CCNA: Cisco Certified Network Associate — Question 795
A technician receives a report of network slowness and the issue has been isolated to the interface FastEthemet0/13. What is the root cause of the issue?
FastEthernet0/13 is up, line protocol is up
Hardware is Fast Ethernet, address is 0001.4d27.66cd (bia 0001.4d27.66cd)

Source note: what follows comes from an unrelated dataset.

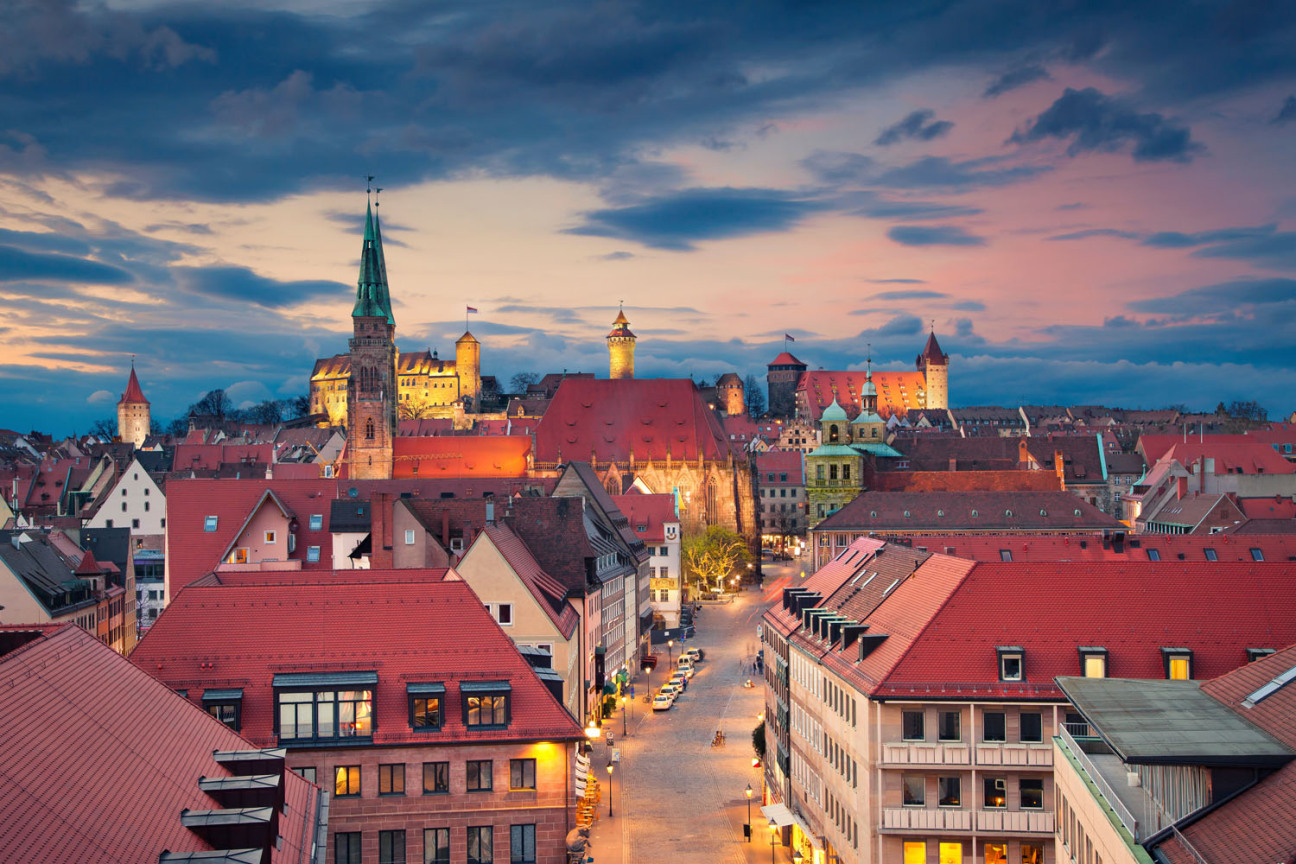 Bild © rudi1976 Altstadt Kaiserburg Ansicht bei Dämmerung, Bild © rudi1976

MTU 1500 bytes, BW 100000 Kbit, DLY 100 usec,
reliability 250/255, txload 1/255, rxload 1/255
Encapsulation ARPA, loopback not set
Keepalive not set -
Auto-duplex (Full) Auto Speed (100), 100BaseTX/FX
ARP type: ARPA, ARP Timeout 04:00:00
Last input 18:52:43, output 00:00:01, output hang never
Last clearing of “show interface” counters never
Queueing strategy: fifo -
Output queue 0/40, 0 drops; input queue 0/75, 0 drops
5 minute input rate 12000 bits/sec, 6 packets/sec
5 minute output rate 24000 bits/sec, 6 packets/sec
14488019 packets input, 2434163609 bytes
Received 345348 broadcasts, 0 runts, 0 giants, 0 throttles
261028 input errors, 259429 CRC, 1599 frame, 0 overrun, 0 ignored
0 watchdog, 84207 multicast
0 input packets with dribble condition detected
19658279 packets output, 3529106068 bytes, 0 underruns
0 output errors, 0 collisions, 1 interface resets
0 babbles, 0 late collision, 0 deferred
0 lost carrier, 0 no carrier
0 output buffer failures, 0 output buffers swapped out
Answer options
- A. local buffer overload
- B. err-disabled port on the far end
- C. physical errors
- D. duplicate IP addressing
Correct answer: C
Explanation
The correct answer is C, as the presence of 261028 input errors and 259429 CRC errors indicates there are physical errors affecting the interface. Options A, B, and D do not align with the symptoms presented in the interface statistics, such as the high number of input errors, which are typically indicative of physical layer issues.